Try it: Print, exactly as they stand, the lines from the start of the listing to the line containing "Leinwandbild Highland Cow", inclusive.

Supplied records:

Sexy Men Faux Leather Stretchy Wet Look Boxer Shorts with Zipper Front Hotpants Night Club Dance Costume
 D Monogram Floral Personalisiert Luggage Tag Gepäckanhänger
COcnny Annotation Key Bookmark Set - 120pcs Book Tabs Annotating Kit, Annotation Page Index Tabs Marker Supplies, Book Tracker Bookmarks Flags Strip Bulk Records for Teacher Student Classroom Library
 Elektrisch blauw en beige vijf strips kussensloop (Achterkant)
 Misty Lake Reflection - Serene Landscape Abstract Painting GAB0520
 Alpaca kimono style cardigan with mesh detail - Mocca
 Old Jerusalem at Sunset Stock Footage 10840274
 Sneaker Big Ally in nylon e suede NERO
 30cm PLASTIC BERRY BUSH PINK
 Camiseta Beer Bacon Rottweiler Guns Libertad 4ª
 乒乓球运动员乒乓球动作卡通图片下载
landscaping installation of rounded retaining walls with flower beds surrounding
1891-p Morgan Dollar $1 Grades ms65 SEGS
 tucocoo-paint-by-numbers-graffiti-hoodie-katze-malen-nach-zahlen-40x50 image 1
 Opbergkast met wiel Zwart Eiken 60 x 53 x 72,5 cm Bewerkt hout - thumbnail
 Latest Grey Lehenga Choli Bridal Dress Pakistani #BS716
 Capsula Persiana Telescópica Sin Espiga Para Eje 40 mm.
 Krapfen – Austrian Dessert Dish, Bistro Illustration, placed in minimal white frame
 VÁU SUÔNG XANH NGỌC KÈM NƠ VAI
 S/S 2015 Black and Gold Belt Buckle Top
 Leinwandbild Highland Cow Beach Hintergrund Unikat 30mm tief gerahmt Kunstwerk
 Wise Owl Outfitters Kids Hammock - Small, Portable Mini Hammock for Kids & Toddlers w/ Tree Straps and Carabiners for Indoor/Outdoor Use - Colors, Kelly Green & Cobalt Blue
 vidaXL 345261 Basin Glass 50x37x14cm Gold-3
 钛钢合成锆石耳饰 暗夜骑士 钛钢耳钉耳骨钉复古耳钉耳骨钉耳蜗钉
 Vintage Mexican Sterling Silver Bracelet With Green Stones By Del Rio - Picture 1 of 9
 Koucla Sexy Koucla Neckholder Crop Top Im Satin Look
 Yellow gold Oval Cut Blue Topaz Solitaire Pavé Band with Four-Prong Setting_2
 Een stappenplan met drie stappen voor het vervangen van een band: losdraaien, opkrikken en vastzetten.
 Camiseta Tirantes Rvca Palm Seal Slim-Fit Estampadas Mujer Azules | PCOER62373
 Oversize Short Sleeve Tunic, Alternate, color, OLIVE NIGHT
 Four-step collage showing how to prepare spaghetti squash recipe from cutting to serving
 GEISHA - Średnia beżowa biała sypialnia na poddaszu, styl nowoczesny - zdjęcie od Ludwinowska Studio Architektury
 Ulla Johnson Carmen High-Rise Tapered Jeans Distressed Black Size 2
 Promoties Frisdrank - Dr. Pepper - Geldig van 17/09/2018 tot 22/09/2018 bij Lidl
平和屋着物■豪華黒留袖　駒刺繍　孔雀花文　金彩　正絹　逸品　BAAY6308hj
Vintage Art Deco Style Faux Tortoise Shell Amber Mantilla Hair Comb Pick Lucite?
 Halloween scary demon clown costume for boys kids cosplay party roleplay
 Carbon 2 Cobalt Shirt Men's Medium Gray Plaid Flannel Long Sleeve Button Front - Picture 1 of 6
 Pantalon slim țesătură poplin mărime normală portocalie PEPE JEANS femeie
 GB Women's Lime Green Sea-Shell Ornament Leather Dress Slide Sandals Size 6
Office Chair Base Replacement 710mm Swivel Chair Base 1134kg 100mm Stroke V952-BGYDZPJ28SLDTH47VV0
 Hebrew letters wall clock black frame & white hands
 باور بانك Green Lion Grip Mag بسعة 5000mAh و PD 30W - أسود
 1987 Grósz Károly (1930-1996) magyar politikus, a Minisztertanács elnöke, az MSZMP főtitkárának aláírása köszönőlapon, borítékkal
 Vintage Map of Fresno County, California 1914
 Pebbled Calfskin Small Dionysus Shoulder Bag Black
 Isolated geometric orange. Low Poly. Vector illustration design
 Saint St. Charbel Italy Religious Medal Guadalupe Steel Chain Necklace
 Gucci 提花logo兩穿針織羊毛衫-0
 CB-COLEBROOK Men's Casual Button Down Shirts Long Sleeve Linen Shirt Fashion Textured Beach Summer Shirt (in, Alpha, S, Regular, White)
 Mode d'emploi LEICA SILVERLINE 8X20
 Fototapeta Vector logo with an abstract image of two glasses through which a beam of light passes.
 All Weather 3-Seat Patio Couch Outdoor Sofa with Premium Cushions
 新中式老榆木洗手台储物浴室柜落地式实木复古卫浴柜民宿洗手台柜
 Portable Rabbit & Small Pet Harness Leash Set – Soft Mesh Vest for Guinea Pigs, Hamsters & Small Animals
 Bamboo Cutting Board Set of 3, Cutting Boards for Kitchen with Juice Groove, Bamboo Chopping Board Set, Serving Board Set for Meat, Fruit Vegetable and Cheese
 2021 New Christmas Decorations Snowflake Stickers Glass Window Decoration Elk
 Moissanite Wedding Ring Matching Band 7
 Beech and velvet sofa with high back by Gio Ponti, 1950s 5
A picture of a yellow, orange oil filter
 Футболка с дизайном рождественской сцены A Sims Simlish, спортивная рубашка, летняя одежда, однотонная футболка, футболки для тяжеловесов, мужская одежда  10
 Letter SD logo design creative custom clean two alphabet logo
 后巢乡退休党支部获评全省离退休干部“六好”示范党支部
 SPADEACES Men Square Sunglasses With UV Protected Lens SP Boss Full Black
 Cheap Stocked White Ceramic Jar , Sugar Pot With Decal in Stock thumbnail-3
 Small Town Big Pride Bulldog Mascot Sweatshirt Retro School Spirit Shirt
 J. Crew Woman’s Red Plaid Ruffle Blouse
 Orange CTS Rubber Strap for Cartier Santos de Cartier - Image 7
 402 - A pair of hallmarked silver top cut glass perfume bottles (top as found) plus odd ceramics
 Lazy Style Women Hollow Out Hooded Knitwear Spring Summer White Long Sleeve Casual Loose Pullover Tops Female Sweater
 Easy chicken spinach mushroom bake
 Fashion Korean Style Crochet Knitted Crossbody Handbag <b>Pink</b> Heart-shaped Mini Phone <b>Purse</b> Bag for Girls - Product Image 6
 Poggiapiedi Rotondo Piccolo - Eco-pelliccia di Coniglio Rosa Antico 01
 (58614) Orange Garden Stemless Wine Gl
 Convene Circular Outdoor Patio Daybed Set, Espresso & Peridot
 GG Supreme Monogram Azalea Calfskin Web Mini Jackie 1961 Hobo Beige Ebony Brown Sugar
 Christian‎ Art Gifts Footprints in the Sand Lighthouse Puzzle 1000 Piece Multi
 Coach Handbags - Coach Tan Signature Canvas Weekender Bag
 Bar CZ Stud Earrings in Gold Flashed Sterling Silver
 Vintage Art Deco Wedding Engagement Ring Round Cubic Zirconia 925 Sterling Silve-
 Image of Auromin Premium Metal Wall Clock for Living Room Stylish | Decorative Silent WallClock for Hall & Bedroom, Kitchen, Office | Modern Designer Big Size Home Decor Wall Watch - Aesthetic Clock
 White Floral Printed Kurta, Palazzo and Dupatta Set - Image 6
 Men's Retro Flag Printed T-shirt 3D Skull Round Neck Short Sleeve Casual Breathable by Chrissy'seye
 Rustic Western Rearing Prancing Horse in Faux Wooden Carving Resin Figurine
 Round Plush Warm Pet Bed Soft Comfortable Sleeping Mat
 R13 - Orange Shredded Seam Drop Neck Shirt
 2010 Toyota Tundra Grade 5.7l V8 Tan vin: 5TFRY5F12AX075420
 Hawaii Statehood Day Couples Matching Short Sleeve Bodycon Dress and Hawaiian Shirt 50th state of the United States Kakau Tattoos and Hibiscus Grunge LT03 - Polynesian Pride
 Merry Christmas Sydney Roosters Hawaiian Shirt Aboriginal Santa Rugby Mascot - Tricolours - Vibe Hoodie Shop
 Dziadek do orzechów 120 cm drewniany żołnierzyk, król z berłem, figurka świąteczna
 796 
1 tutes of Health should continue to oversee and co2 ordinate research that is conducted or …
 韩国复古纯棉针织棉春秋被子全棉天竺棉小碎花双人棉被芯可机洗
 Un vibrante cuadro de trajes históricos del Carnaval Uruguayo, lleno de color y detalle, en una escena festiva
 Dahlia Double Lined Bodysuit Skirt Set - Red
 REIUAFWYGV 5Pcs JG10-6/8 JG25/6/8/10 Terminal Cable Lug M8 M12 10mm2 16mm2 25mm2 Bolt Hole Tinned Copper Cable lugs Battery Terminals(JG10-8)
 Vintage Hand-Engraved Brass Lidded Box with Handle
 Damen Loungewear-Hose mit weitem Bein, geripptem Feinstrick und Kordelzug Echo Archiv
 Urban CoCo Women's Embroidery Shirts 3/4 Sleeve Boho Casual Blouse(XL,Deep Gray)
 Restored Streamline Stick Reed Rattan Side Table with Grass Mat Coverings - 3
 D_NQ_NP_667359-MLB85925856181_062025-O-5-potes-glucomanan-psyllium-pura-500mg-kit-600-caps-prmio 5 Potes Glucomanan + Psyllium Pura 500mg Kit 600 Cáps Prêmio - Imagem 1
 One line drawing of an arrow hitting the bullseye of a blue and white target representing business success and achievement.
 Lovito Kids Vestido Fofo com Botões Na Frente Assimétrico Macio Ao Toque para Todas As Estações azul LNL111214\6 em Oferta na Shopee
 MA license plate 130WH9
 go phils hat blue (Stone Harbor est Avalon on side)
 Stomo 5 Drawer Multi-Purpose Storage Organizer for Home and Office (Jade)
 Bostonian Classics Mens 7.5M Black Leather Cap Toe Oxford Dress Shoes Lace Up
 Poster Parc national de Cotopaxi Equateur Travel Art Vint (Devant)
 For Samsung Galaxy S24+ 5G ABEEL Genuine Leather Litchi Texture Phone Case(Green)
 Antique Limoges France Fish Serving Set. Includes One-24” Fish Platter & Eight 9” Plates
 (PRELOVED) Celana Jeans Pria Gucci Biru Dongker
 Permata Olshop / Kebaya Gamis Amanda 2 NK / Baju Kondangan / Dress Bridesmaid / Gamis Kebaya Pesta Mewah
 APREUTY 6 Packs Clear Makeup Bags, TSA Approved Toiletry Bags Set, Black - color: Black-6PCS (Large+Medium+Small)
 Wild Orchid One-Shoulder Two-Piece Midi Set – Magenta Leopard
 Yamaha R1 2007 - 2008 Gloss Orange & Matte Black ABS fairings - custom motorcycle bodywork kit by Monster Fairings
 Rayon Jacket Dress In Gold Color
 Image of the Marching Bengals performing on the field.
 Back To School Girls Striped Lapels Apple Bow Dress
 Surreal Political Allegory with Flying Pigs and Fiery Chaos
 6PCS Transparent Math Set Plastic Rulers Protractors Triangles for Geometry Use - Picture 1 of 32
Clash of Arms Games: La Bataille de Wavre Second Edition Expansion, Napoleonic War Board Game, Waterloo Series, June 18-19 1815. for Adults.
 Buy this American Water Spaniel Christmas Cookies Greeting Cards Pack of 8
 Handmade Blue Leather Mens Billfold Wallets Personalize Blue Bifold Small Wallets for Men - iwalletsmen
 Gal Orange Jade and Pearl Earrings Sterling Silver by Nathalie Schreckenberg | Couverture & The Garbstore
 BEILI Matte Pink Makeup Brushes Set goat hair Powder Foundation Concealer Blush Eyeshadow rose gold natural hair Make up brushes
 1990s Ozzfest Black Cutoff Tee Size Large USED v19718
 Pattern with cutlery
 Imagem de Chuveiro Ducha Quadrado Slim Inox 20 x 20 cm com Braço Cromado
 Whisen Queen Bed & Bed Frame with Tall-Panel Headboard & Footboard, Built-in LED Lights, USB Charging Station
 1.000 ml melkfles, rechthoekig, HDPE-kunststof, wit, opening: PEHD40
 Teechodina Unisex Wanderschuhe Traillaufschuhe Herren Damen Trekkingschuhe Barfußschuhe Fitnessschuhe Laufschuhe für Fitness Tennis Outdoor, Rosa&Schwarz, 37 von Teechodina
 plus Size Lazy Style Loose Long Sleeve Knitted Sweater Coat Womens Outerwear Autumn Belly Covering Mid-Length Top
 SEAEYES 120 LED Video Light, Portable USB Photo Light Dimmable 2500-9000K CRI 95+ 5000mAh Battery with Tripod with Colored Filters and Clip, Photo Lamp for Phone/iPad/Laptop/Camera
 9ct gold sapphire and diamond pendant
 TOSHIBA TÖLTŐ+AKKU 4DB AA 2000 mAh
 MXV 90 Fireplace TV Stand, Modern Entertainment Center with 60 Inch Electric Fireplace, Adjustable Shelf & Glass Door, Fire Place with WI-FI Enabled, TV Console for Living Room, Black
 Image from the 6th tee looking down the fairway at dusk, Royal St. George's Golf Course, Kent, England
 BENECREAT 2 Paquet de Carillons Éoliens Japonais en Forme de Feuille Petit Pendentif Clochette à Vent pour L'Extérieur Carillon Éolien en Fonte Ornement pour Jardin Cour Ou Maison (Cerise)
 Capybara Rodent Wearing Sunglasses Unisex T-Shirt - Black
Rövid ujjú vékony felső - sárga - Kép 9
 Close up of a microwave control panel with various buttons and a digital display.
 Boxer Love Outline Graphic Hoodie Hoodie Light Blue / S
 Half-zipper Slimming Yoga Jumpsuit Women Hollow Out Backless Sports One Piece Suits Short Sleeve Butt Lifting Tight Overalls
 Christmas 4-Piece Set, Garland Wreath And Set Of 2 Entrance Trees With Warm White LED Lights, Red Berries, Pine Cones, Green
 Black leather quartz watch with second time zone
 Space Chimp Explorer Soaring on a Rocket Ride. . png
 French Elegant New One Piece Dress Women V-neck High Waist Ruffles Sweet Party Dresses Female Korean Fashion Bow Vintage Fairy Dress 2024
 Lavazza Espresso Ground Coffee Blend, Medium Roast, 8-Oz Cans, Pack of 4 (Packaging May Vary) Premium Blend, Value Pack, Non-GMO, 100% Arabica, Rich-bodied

Written response:
Sexy Men Faux Leather Stretchy Wet Look Boxer Shorts with Zipper Front Hotpants Night Club Dance Costume
 D Monogram Floral Personalisiert Luggage Tag Gepäckanhänger
COcnny Annotation Key Bookmark Set - 120pcs Book Tabs Annotating Kit, Annotation Page Index Tabs Marker Supplies, Book Tracker Bookmarks Flags Strip Bulk Records for Teacher Student Classroom Library
 Elektrisch blauw en beige vijf strips kussensloop (Achterkant)
 Misty Lake Reflection - Serene Landscape Abstract Painting GAB0520
 Alpaca kimono style cardigan with mesh detail - Mocca
 Old Jerusalem at Sunset Stock Footage 10840274
 Sneaker Big Ally in nylon e suede NERO
 30cm PLASTIC BERRY BUSH PINK
 Camiseta Beer Bacon Rottweiler Guns Libertad 4ª
 乒乓球运动员乒乓球动作卡通图片下载
landscaping installation of rounded retaining walls with flower beds surrounding
1891-p Morgan Dollar $1 Grades ms65 SEGS
 tucocoo-paint-by-numbers-graffiti-hoodie-katze-malen-nach-zahlen-40x50 image 1
 Opbergkast met wiel Zwart Eiken 60 x 53 x 72,5 cm Bewerkt hout - thumbnail
 Latest Grey Lehenga Choli Bridal Dress Pakistani #BS716
 Capsula Persiana Telescópica Sin Espiga Para Eje 40 mm.
 Krapfen – Austrian Dessert Dish, Bistro Illustration, placed in minimal white frame
 VÁU SUÔNG XANH NGỌC KÈM NƠ VAI
 S/S 2015 Black and Gold Belt Buckle Top
 Leinwandbild Highland Cow Beach Hintergrund Unikat 30mm tief gerahmt Kunstwerk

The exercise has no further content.